BSkyB (NYSE: BSY) has been ordered to weaken its stranglehold on Hollywood films on pay-TV after an investigation by the Competition Commission. In a provisional decision published on Friday morning, the commission said that BSkyB’s contracts with the six major Hollywood studios present a significant barrier to entry to potential competitors, including BT (NYSE: BT) and Virgin Media.
The industry watchdog ruled that the prices charged by Sky to Virgin are too high, meaning Virgin cannot make a business selling films to its customers.
One third of the UK’s 15m pay-TV households subscribe to Sky Movies, as the network enjoys exclusivity on many Hollywood blockbusters for 15 months.
Inception, Tron Legacy, Shrek Forever After and Sex and the City 2 are among the blockbusters about to become Sky’s exclusive property in the UK.
Among a number of recommendations from the commission, the regulator said that Sky should be restricted from signing exclusivity deals with all of the major Hollywood film studios for movie rights in the so-called “first subscription pay television window”.
The Competition Commission recommended that exclusivity deals with the film giants should be weakened so that rival operators can buy the rights to other distribution methods, including video on demand.
Laura Carstensen, chairman of the Competition Commission’s movies on pay-TV investigation, said: “Sky has had control of recent movie content on pay TV for many years. At the heart of the problem is Sky’s strong position in the pay-TV market, with twice as many subscribers to pay TV as all other traditional pay-TV retailers put together. This provides Sky with a great advantage when it comes to bidding for movie rights, which no rival bidder has yet been able to overcome – and, if things stay as they are, we see no likely prospect of change.
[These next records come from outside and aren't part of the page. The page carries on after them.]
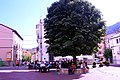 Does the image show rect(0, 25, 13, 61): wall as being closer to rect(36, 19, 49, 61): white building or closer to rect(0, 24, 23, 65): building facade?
rect(0, 24, 23, 65): building facade

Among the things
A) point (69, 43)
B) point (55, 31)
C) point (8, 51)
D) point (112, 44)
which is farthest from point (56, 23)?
point (112, 44)

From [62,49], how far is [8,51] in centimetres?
3304

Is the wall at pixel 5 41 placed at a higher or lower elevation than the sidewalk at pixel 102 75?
higher

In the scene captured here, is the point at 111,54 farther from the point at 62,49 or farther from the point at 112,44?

“Recent movie content is important to many pay-TV subscribers. As a result, Sky’s control of this content on pay TV enables it to attract more pay-TV subscribers than its rivals and having more subscribers increases further its advantages when bidding in the next round for pay-TV movie rights, and so it goes on.
“We have found that, as a result of this lack of effective competition, subscribers to Sky Movies are paying more than they otherwise would, and there is less innovation and choice than we would expect in a market with more effective competition.”
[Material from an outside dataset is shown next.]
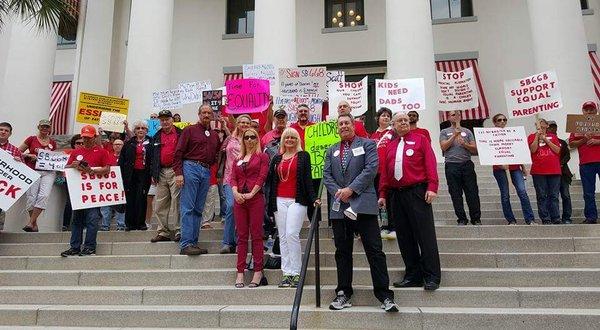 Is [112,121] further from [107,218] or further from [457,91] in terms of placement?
[457,91]

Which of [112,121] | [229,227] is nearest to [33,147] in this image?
[112,121]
The commission said that the adverse effect on competition caused by Sky’s movie domination meant that consumers were paying £50 to £60m a year more than would otherwise be the case.
Under the present system, a number of Hollywood blockbusters are available only on Sky in the UK. The satellite broadcaster spends about £280m a year on buying films, more than its budget for Sky News and other entertainment channels.
Under recommendations put forward by the Competition Commission, BT and Virgin Media (NSDQ: VMED) would be able to rival Sky Movies by offering their own selection of new releases.
BSkyB said in a statement: “BSkyB notes today’s announcement of provisional findings by the Competition Commission (CC) in its movies on pay-TV market investigation.
“BSkyB continues to believe that no regulatory intervention is required and that consumers benefit from high levels of choice, value and innovation across a wide range of providers.
“We note that the CC’s findings remain provisional and have been issued for consultation. We will continue to engage with the CC during the ongoing regulatory process.”
The Competition Commission will invite views on its recommendation before publishing a final decision in August 2012.